Silhouettes are a general graphical aid for interpretation and validation of cluster analysis. This technique is available through the silhouette function (cluster package). In order to calculate silhouettes, two types of data are needed:

the collection of all distances between objects. These distances are obtained from application of dist function on the coordinates of the elements in mat with argument method.
the partition obtained by the application of a clustering technique. In sil.score context, the partition is obtained from the Kmeans function (amap package) with argument method which indicates the cluster to which each element is assigned.

For each element, a silhouette value is calculated and evaluates the degree of confidence in the assignment of the element:

well-clustered elements have a score near 1,
poorly-clustered elements have a score near -1.

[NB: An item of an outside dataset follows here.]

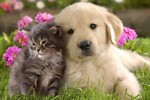 Best funny cats and dogs videos❤️❤️❤️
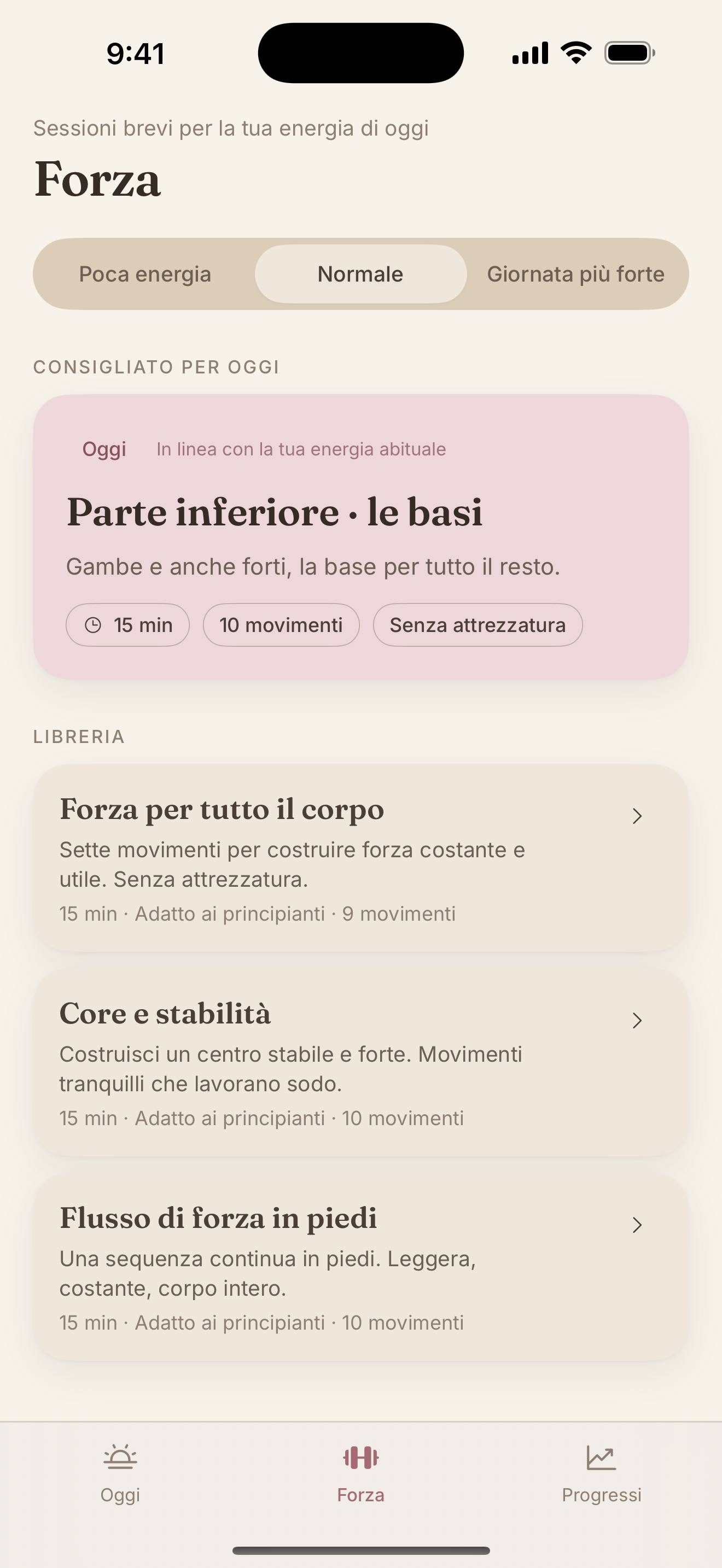 Libreria della forza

Thus, silhouettes indicates the objects that are well or poorly clustered. To summarize the results, for each cluster, the silhouettes values can be displayed as an average silhouette width, which is the mean of silhouettes for all the elements assigned to this cluster. Finally, the overall average silhouette width is the mean of average silhouette widths of the different clusters.

Silhouette values offer the advantage that they depend only on the partition of the elements. As a consequence, silhouettes can be used to compare the output of the same clustering algorithm applied to the same data but for different numbers of clusters. A range of numbers of clusters can be tested, with the nb.clus argument. The optimal number of clusters is reached for the maximum of the overall silhouette width. This means that the clustering algorithm reaches a strong clustering structure. However, for a given number of clusters, the cluster assignment obtained by different K-means runs can be different because the K-means procedure assigns random initial centroids for each run. It may be necessary to run the K-means procedure several times, with the nb.run argument, to evaluate the uncertainty of the results. In that case, for each number of clusters, the mean of the overall average silhouettes for nb.run K-means runs is calculated. The maximum of this core gives the optimal number of clusters.

Value

A named numeric vector representing the silhouette scores for each number of clusters.

Note

sil.score requires Kmeans and silhouette functions from amap and cluster packages, respectively.

Author(s)

Julien Pele

References

Rousseeuw PJ (1987) Silhouettes: A Graphical Aid to the Interpretation and Validation of Cluster Analysis. Journal of Computational and Applied Mathematics, 20:53-65.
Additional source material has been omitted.